Inventories are valued at the lower of the inventory’s cost (first in, first out basis (“FIFO”)) or market of the inventory. Management compares the cost of inventory with its net realizable value and an allowance is made to write down inventory to net realizable value, if lower. Management also reviews inventory to determine if excess or obsolete inventory is present and a reserve is made to reduce the carrying value for inventory for such excess and or obsolete inventory. At March 31, 2019 and September 30, 2018, the reserve for obsolete inventory was $91,940.
Retail and Online Segment
Merchandise inventories are valued at the lower of cost or market using the average cost method which approximates FIFO. Under the average cost method, as new product is received from vendors, its current cost is added to the existing cost of product on-hand and this amount is re-averaged over the cumulative units in inventory available for sale. Pre-owned products traded in by customers are recorded as merchandise inventory for the amount of cash consideration or store credit less any premiums given to the customer. Management reviews the merchandise inventory to make required adjustments to reflect potential obsolescence or the lower of cost or market. In valuing merchandise inventory, management considers quantities on hand, recent sales, potential price protections, returns to vendors and other factors. Management’s ability to assess these factors is dependent upon forecasting customer demand and to provide a well-balanced merchandise assortment. Merchandise inventory valuation is adjusted based on anticipated physical inventory losses or shrinkage and actual losses resulting from periodic physical inventory counts. Merchandise inventory reserves as of March 31, 2019 and September 30, 2018 were $497,083 and $1,110,729, respectively.
Property and Equipment
Property and equipment are stated at cost less accumulated depreciation. Expenditures for repairs and maintenance are charged to expense as incurred and additions and improvements that significantly extend the lives of assets are capitalized. Upon sale or other retirement of depreciable property, the cost and accumulated depreciation are removed from the related accounts and any gain or loss is reflected in operations. Depreciation is computed using the straight-line method over the estimated useful lives of the assets. The useful lives of building and improvements are three to forty years, transportation equipment is five to ten years, machinery and equipment are five to ten years, furnishings and fixtures are three to five years and office and computer equipment are three to five years. Depreciation expense was $954,768 and $1,067,607 for the three months ended March 31, 2019 and 2018, respectively. Depreciation expense was $2,082,640 and $2,227,194 for the six months ended March 31, 2019 and 2018, respectively.

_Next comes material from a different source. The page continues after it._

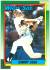 Sammy Sosa - 1990 Score  #558 ROOKIE (White Sox)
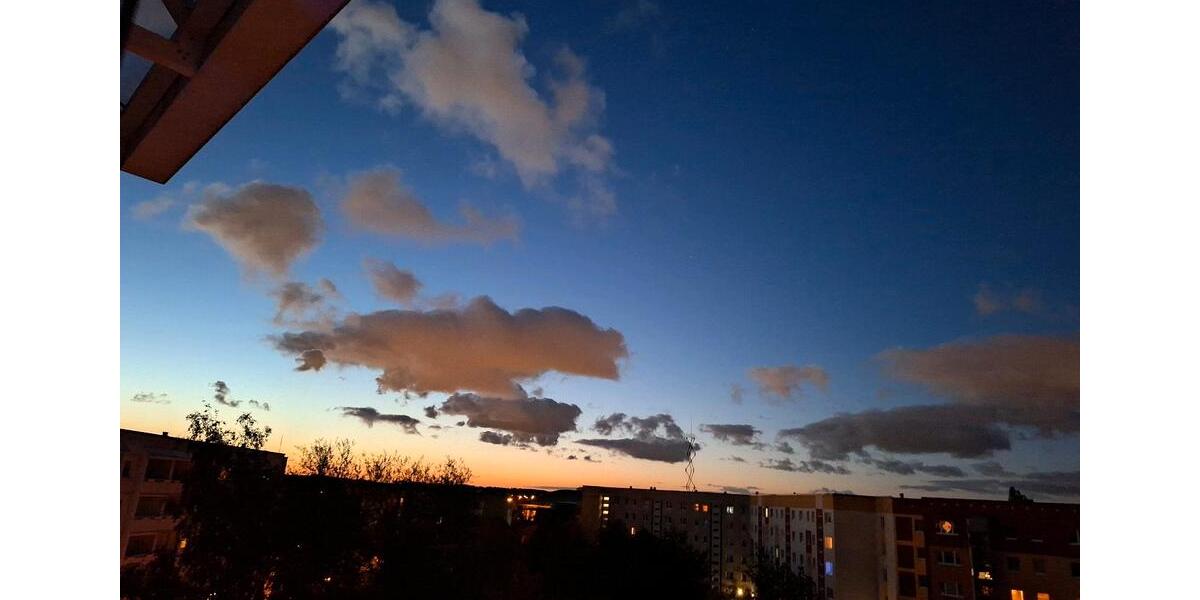 Etagenwohnung Elmenhorst/Lichtenhagen Lichtenhagen - 4 Zimmer, 75 m&sup2;, 730&euro; | Angebot:26095307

We periodically review our property and equipment when events or changes in circumstances indicate that their carrying amounts may not be recoverable or their depreciation or amortization periods should be accelerated. We assess recoverability based on several factors, including our intention with respect to our stores and those stores projected undiscounted cash flows. An impairment loss would be recognized for the amount by which the carrying amount of the assets exceeds their fair value, as approximated by the present value of their projected discounted cash flows.
The Company accounts for purchased goodwill and intangible assets in accordance with ASC 350, Intangibles—Goodwill and Other. Under ASC 350, purchased goodwill is not amortized; rather, they are tested for impairment on at least an annual basis. Goodwill represents the excess of consideration paid over the fair value of underlying identifiable net assets of the business acquired.
We test goodwill annually on July 1 of each fiscal year or more frequently if events arise or circumstances change that indicate that goodwill may be impaired. The Company assesses whether goodwill impairment exists using both the qualitative and quantitative assessments. The qualitative assessment involves determining whether events or circumstances exist that indicate it is more likely than not that the fair value of a reporting unit is less than its’ carrying amount, including goodwill. If based on this qualitative assessment the Company determines it is not more likely than not that the fair value of a reporting unit is less than its’ carrying amount or if the Company elects not to perform a qualitative assessment, a quantitative assessment is performed using a two-step approach required by ASC 350 to determine whether a goodwill impairment exists.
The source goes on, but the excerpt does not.